Boş Durana, Boş Düşünceler Musallat Olur
En çok zamanımı çalan şeyler de lüzumsuz düşünceler, kaygılar, vesveseler oluyor kimi zaman. Onları dinlemeye başladım mı, çoğalıp bütün ruhumu esir alıyorlar. İnsanı depresyonlara sürükleyecek kadar üst üste geliyorlar bazen. İnsan önce kendinin doktoru olmalı diye düşünüp, “Artık beni rahatsız edemezsiniz, sizinle uğraşmaya vaktim yok.” diyorum ve bir bakmışım uzaklaşmışlar. Aslında çekip gitmediklerini biliyorum, bir boşluk bulup doldurmak üzere en yakın kapıların ardında bekliyorlar… Ben ise onlara fırsat vermemek için, olabildiğimce her anımı meşguliyetle doldurma gayreti içindeyim.
Her an, bir işle dolmuyor elbette. Dinlenmek de lazım… Boş boş yatmak, beni dinlendirmeyecek biliyorum, ruhumu daha da yoracak. Ya pencereden dışarıya bakıp bir kâinat tefekkürüne bırakıyorum kendimi; ağaçlar, bulutlar ne kadar da muhteşem bugün… Ya da dünyayı yeni tanıyan bir insan yavrusunun masumiyetini seyretmeye dalıyorum ya da hafif bir müziğe…

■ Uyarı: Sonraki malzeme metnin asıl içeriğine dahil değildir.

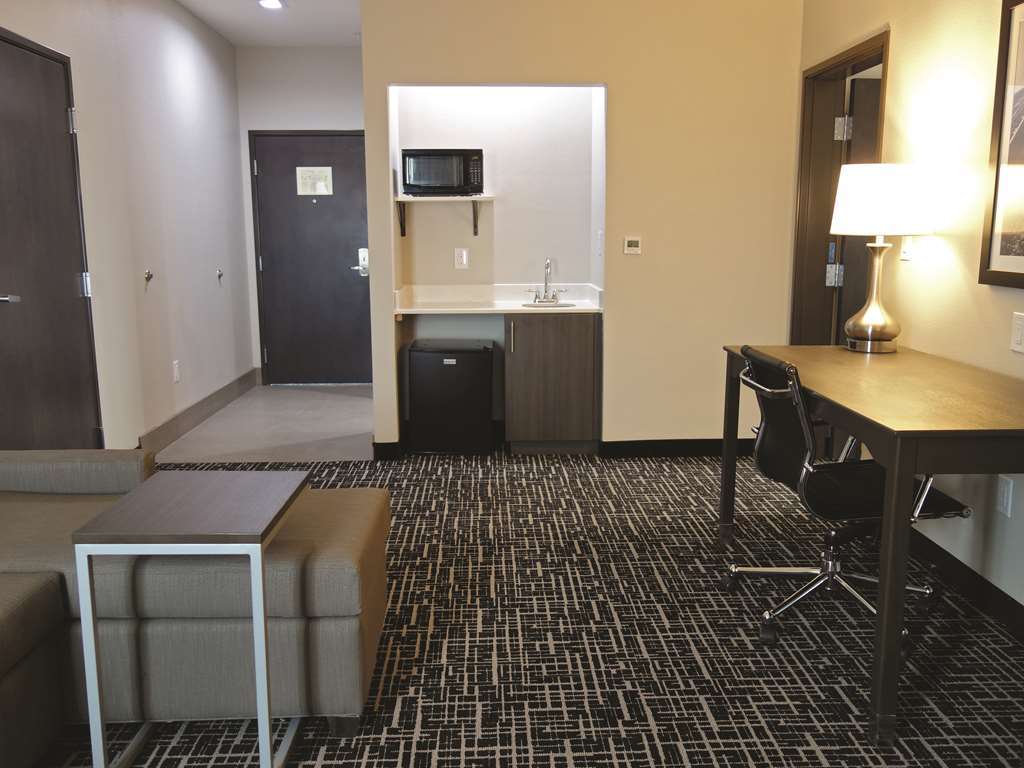 La Quinta By Wyndham Colorado City Room photo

Şimdilerde ise internetin nasıl yakamdan tutup da beni kendine bağlamak istediğini fark ediyorum. Artık tuzağa düşecek kadar küçük değilim. “Sevgili internet, bak muhterem televizyonu attık kurtulduk. Çok kaşınma, benden uzak dur, yoksa senin de sonun yakındır!” diyorum. İşe de yarıyor… Bir reklâm, bir resim deyip, kendimi kaptırmak yerine, açtığım pencereleri bir çırpıda kapatıyorum.

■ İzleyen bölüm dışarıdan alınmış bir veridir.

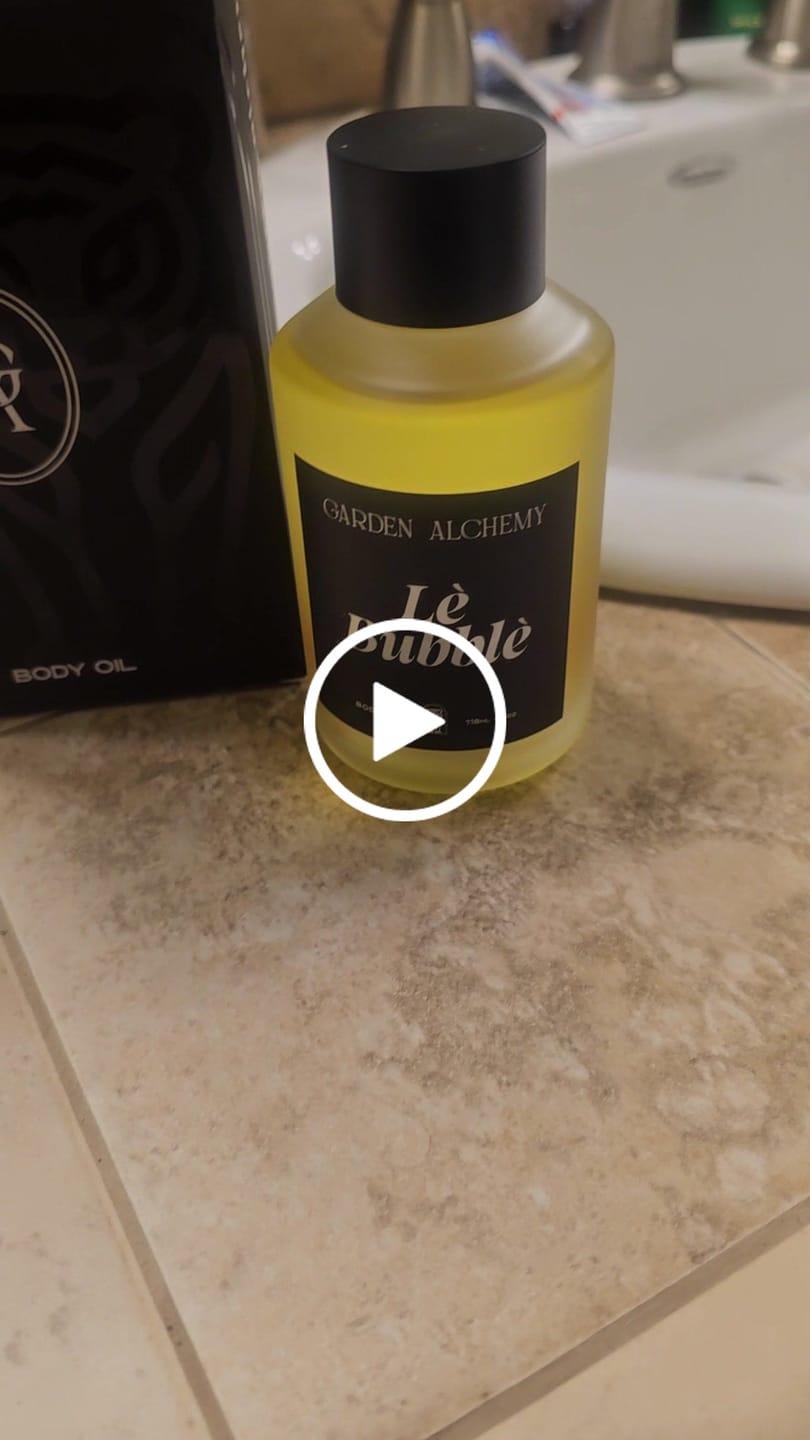 Customer video review of LE BUBBLÈ BODY OIL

Zaman bilinci, okul yıllarında hepimize anlatılsaydı…
Peki, zaman üzerine düşünmek için geç kalmadım mı? Neden okullarda zaman yönetimi öğretilmiyor ki? Neden ben zaman üzerine düşünmeye 30 yaşımda başlıyorum?

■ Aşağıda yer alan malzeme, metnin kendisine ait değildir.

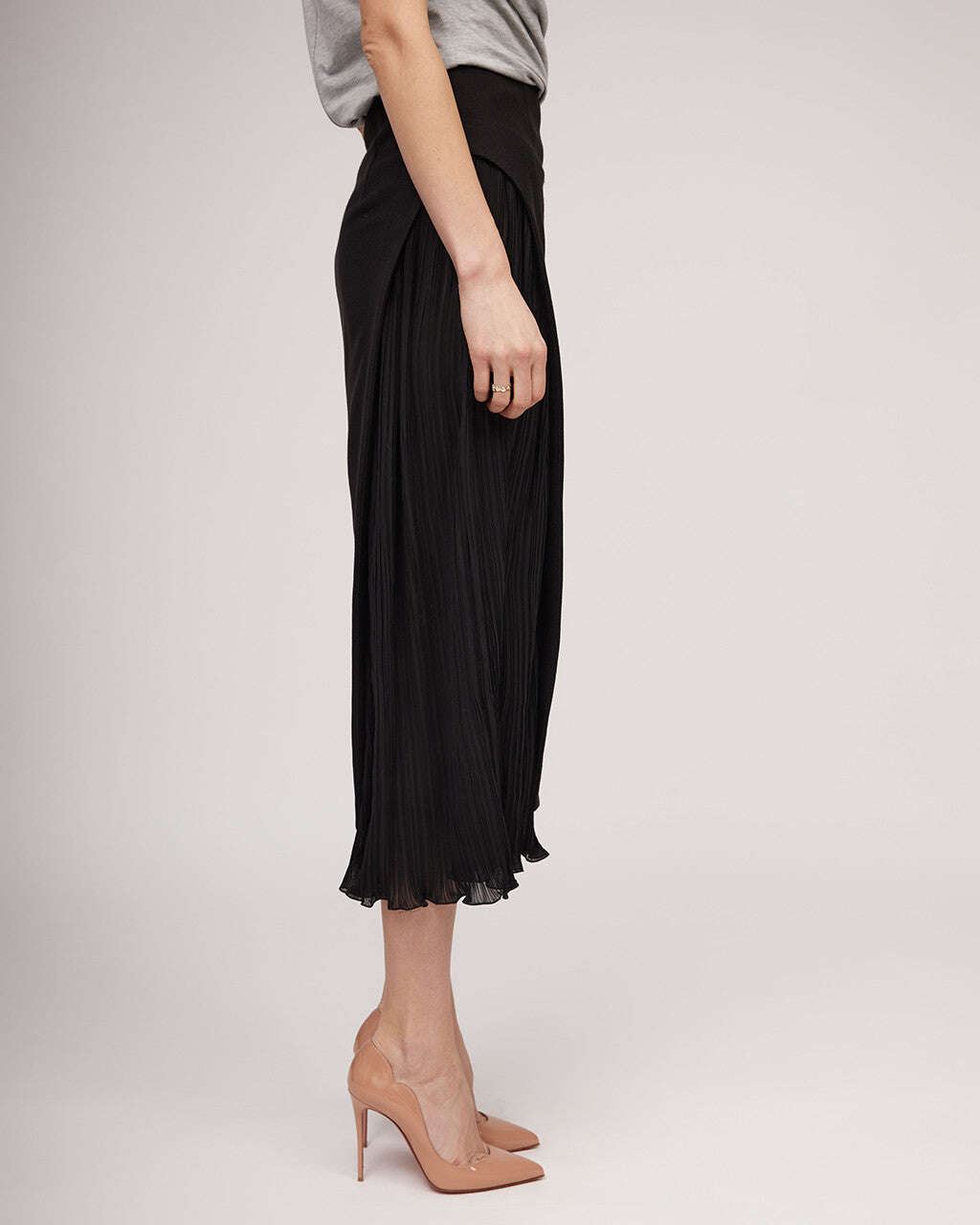 Black midi length skirt with a distinctive silhouette and pleats | IRENE Nolo Store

Şeyh Edebali, Osman Gazi’ye yaptığı nasihatinde: “Vakit kıymetli oğul, sakın boş gezmeyesin.” diyor. Peki, boş gezmemek denilen şey nedir?
Matematik, Fizik, İngilizce… Hepsinden daha önemli değil midir ZAMAN? Zamanın değerini bilen zaten başarıyı yakalamaz mı? Nedir zaman konusunda bu kayıtsızlığımız? ZAMAN BİLİNCİ daha okul yıllarında hepimize anlatılsaydı daha verimli yaşar, daha kaliteli işler yapar, daha da mutlu olmaz mıydık?
Zaman bilinci olmayınca heba olan çocukluk, boşa giden bir gençlik, sonrasında ne yapacağını bilmeyen bir nesil yetişmiyor mu? Bitmeyen işler, yanlış planlamalar, programsızlık, zaman konusunda pişmanlıklar değil mi herkesin canını acıtan pek çok psikolojik sorunun sebebi?
Doğduğumuz andan itibaren, her bir saniye, bir amaca hizmet etmek için bize bahşediliyor aslında. Sayılı nefesimiz varken, biz o nefesleri nerelerde tüketiyoruz?
Tüketimden, israftan bahsediliyor çok yerde, uzun uzun… Öncelikle zaman israfını önlemek değil midir bahsedilmesi gereken? En büyük tüketim, en bulunmaz sermaye zaman değil midir?